This post is for the testers who have some basic idea about MySQL database. I want to put up few things I came across when I dove deeper into MySQL. Here’s a brief overview of the order in which a query is executed inside a MySQL server.
When you execute a SQL query, the order in which the SQL directives get executed is:
- FROM clause
- WHERE clause
- GROUP BY clause
- HAVING clause
- SELECT clause
- ORDER BY clause
However, HAVING and GROUP BY clauses can come after SELECT depending on the order it is specified in the query.
How are queries executed at the back-end by the database engine? Let’s take an example for each of the clauses and understand the sequence.
SELECT * FROM order_details WHERE category = 'produce'; |
The first clause which gets executed is the FROM clause, which is used to list the tables and any joins required for the query. It is through this clause we can narrow down possible record set sizes. The above query is straight forward without any joins.
Let’s take another example with JOIN in the query
SELECT order_details.order_id, customers.customer_name FROM customers INNER JOIN order_details ON customers.customer_id = order_details.customer_id; |
In the above query, JOIN condition is evaluated in the first step. The order of JOIN operation is determined dynamically by the query optimizer when it constructs its query plan. The ON condition is the criteria for deciding which rows to join from each table. The result of the FROM clause is a temporary result (like a temporary table), consisting of combined rows which satisfy all the join conditions. In the above example, MySQL would return all rows from the customers and order_details tables where there is a matching customer_id value in both the customers and order_details tables.
Next, comes the WHERE clause. If you don’t specify the WHERE clause in the statement the optimizer retrieves all the rows from the temporary result. In a query with a WHERE clause, each row in the temporary result is evaluated according to the WHERE conditions, and either discarded or retained.
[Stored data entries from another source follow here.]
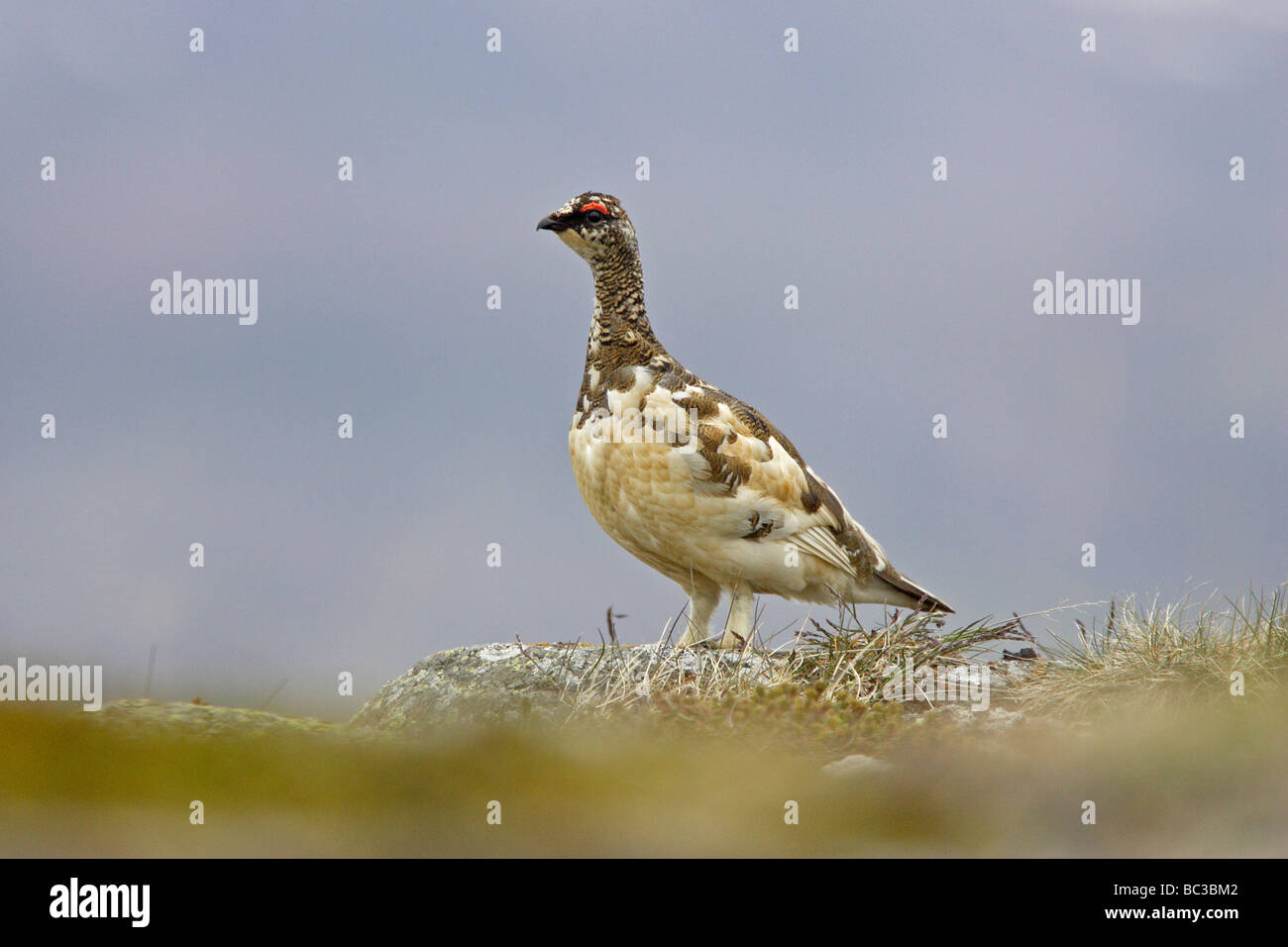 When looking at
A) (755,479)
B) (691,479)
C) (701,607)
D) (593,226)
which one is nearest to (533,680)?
(701,607)

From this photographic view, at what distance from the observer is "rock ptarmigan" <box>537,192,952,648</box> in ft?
26.9

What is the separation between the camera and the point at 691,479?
321 inches

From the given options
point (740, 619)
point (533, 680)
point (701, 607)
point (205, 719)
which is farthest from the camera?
point (701, 607)

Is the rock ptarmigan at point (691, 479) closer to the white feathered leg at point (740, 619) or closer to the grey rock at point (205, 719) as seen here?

Next, comes the GROUP BY clause, which is an optional part of the SELECT statement. If there’s a GROUP BY clause, the temporary result is now split into groups, one group for every combination of values in the columns in the GROUP BY clause. When you perform GROUP BY on table it will retrieve the first row in that group. The below GROUP BY example uses the COUNT function to return the product and the number of orders (for that product) that are in the produce category.
SELECT product, COUNT(*) AS "Number of orders" FROM order_details WHERE category = 'produce' GROUP BY product; |
Now comes the HAVING clause. The HAVING clause enables you to specify conditions that filter which group results appear in the final results. It operates once on each group, and all rows from groups which do not satisfy the HAVING clause are eliminated. In the below query, after having assembled an entire temporary result table, the optimizer will filter the results so that only products with more than 20 orders will be returned. After the HAVING clause has filtered the groups, a new temporary result set is produced, and in this new temporary result, there is only one row per group.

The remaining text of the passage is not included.